» What you will do
Give again exactly the lines that stretch from the one with "2025 Volvo XC60 B5 Plus photo 2" to the end of the data below, including both of those lines and nothing else.

Dataset entries:
== Segment start ==

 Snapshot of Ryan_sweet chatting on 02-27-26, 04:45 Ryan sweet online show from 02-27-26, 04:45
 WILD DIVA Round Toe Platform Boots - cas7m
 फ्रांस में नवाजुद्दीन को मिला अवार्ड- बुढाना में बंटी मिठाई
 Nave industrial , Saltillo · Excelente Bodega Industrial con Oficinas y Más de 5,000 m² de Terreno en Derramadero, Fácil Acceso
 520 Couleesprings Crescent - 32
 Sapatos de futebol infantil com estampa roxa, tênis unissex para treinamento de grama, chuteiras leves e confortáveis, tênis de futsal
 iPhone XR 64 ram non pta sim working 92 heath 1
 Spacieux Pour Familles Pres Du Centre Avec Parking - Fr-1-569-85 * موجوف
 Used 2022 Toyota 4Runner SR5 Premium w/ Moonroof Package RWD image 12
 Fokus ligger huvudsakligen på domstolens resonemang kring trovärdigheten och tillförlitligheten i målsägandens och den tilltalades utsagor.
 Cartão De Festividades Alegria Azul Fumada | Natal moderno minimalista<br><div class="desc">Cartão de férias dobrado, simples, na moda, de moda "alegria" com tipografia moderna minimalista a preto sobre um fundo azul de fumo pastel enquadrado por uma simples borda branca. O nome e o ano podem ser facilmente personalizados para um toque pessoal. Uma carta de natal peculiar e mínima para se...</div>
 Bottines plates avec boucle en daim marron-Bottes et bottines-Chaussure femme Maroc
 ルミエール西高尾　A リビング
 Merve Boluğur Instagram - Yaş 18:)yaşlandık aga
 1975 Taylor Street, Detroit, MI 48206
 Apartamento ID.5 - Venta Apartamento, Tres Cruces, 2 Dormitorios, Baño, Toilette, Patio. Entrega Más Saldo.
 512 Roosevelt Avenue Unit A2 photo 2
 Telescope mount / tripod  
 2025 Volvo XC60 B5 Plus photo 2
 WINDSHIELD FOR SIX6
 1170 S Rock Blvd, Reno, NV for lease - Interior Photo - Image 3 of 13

== Segment end ==

» Problem solution
 2025 Volvo XC60 B5 Plus photo 2
 WINDSHIELD FOR SIX6
 1170 S Rock Blvd, Reno, NV for lease - Interior Photo - Image 3 of 13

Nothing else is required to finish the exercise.